Fushi Copperweld. On November 3, Fushi Copperweld announced that CEO Li Fu and Abax Global Capital had proposed taking the company private at $11.50 cash. As expected, Fushi’s stock bounced.
Then, on March 1, Fushi announced that it had hired BofA as its advisor for the proposed deal, adding, “No assurance can be given that the proposal, or any other transaction, will be consummated.”
Comes March 11 and (oops!) Fushi announced that it “was reevaluating the application of generally accepted accounting principles ("GAAP") in certain accounting treatments applied to its 2007, 2008, and 2009 financial results as well as its previously filed quarterly financial statements for the first three quarters of 2010.” (Its stock has continued to sink.)
China Fire & Security.
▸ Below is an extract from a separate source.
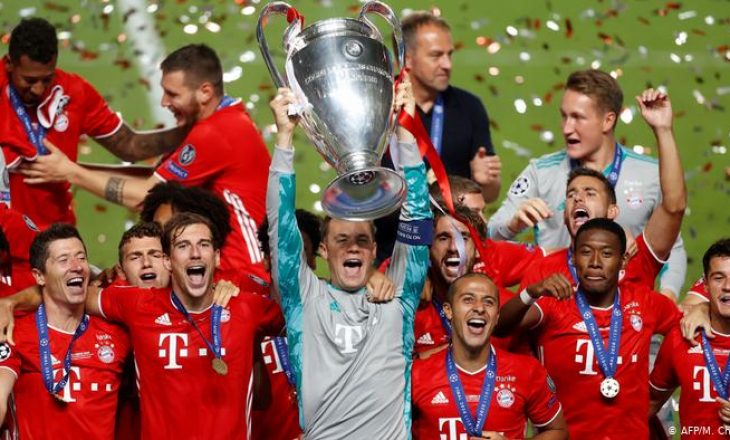 Bayerni synon që sonte të shpallet kampion i botës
On March 7, China Fire & Security Group said it had received a “non binding” letter from a “leading global private equity firm” with a proposal to take the company private at a price that “represents a premium to the current stock price.” (Teases like that — with buzzwords like "leading" player without mentioning a name and "premium" price without a number — are always red flags, not to mention, in my opinion, bush league.)
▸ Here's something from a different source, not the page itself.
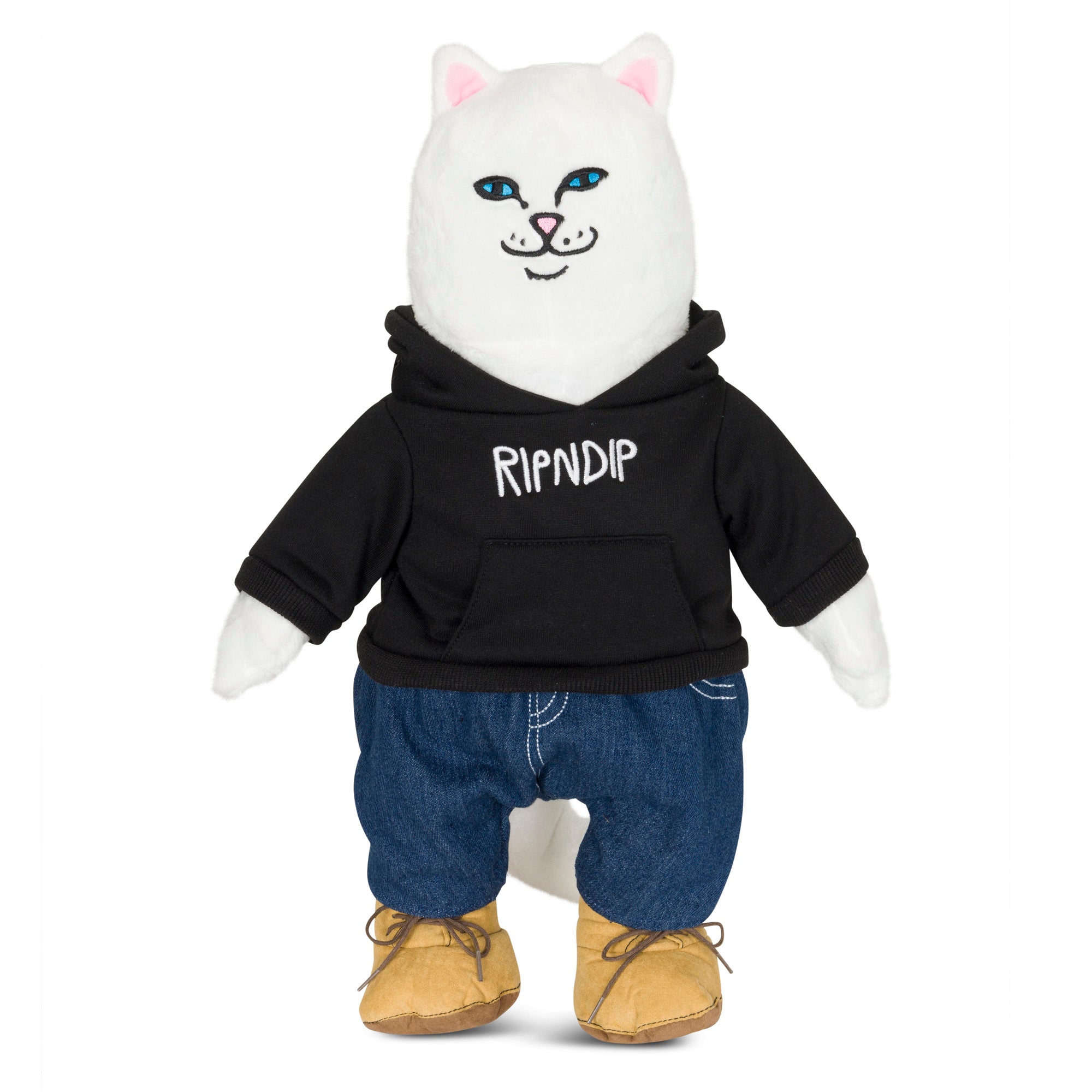 I Heart NY Lord Nermal Plush Doll – RIPNDIP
Its stock, rising in days before the announcement, ended at 25% above its February lows on the announcement before falling back to pre-deal levels.
China Security and Surveillance. Then there’s China Security and Surveillance, whose accounting and ownership structure has been in-and-out of the spotlight over the years: In January its CEO, Guoshen Tu sent the company a letter saying he was thinking about submitting a proposal to take the company private at a price not above $6.50 a share — a fraction of what it once was. Then, on March 8, Tu submitted a formal proposal. Its stock popped from around $4 to $5, before settling back.
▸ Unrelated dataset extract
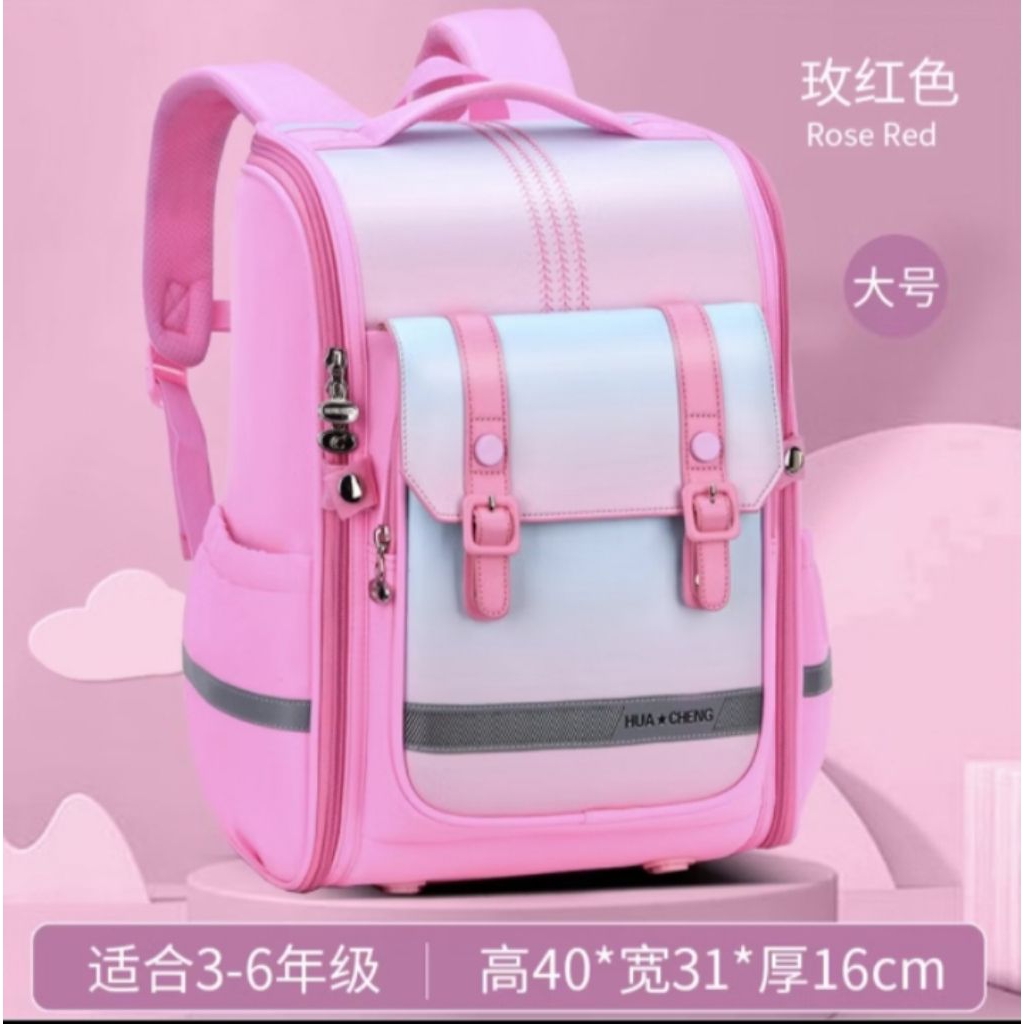 Tas Ransel Anak Sekolah SD Tas import Anak SD laki-laki Dan Perempuan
My take: Like so much of what we’ve seen with Chinese reverse mergers and their promoters, these announcements of proposed deals appear to be designed more as a way to spark interest in a deal — hoping somebody else comes along, which may happen but doesn’t appear to be. (Plenty of desperate U.S. companies have played that game over the years, to no avail.) It’s not really that much different than a company announcing that its board has authorized a stock buyback, even though the company winds up never doing one.
It’s no wonder they want to give the illusion of trying to somehow create value: A recent study by International Strategy & Investment shows that since 2005, 78 Chinese reverse mergers in the U.S. with market caps above $100 million have “sharply” underperformed their 84 Chinese IPO counterparts.
That should be of no surprise. These companies went public through the backdoor for a reason: They wouldn’t (or shouldn’t) have made it through the front door. Their share prices prove it.